JOINT BASE CHARLESTON, S.C. –
The possibility of collecting a Base Allowance for Housing and being able to move out of the dorms might sound tempting, but getting married for these reasons can be costly.
Marriage is a serious moral, financial and emotional commitment; and the courts of South Carolina treat it as such. People often think that obtaining a divorce is easy or that if they have been married for a short time, they will be able to get an annulment.
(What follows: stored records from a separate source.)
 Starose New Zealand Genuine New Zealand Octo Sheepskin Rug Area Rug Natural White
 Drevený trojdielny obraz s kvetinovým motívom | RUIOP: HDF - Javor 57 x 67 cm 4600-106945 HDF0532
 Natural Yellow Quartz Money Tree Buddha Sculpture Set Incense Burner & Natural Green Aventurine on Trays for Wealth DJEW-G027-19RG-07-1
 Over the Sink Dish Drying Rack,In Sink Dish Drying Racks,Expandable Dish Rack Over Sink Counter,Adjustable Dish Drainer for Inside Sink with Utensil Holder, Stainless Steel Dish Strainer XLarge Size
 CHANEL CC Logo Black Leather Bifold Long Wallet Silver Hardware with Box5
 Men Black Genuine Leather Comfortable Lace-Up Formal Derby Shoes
However, divorce and annulment proceedings can be costly and time consuming even if both parties want to leave the marriage. In order to get a divorce order, it is necessary to write a complaint, file it with the Family Court, pay filing fees, serve the complaint on the other spouse and schedule a hearing. These proceedings usually require the assistance of a lawyer. The base legal office does not represent legal assistance clients in state court, so Airmen often have to pay for a lawyer themselves. Private lawyers can charge up to thousands of dollars per case depending on its complexity.
It is sometimes thought that a lengthy legal process can be avoided by getting an annulment to end a short marriage. However, the length of a marriage has nothing to do with getting an annulment. In order to obtain an annulment, one of four grounds must be present at the time of the marriage. These grounds are: Duress (someone forced you to get married), fraud (someone lied about their identity), affinity and consanguinity (the married couple are closely related, (in most states you cannot marry a first cousin), and failure to consummate by cohabitation (the couple never lived together after marriage). An annulment is usually not available to couples who have had sexual relations after the wedding. Even if a couple has never had sex, the court may use other factors to establish a valid marriage. Additionally, annulments can be more costly than a divorce because the parties may need to produce witnesses and other evidence at a hearing to prove one of the four grounds.
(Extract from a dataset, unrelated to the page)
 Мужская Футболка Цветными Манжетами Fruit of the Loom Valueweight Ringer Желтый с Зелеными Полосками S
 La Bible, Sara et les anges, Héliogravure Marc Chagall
Most couples don't qualify for an annulment, and will need to obtain a divorce to end their marriage. In South Carolina, unless a person can prove very specific facts, such as adultery or physical cruelty, they will have to wait one year to get a divorce. During this one-year waiting period, spouses must live separate and apart. This means they cannot live together in the same house. Keep in mind that although living separate and apart, each spouse has a claim to any money that the other makes and property that is acquired by either partner. Additionally, if you are in the military, you are legally married until divorced. This means you are responsible for providing financial support to your dependents. Finally, entering into a sham wedding for the purposes of collecting BAH, could result in criminal charges for fraud against the United States.
No one should enter into a marriage lightly. Wanting to move off base or to collect BAH is no reason to get married. Doing so could be costly and may jeopardize your career and place your personal life in total disarray. So, if you are considering saying, "I do" to this unwise action, please say, "I don't" instead.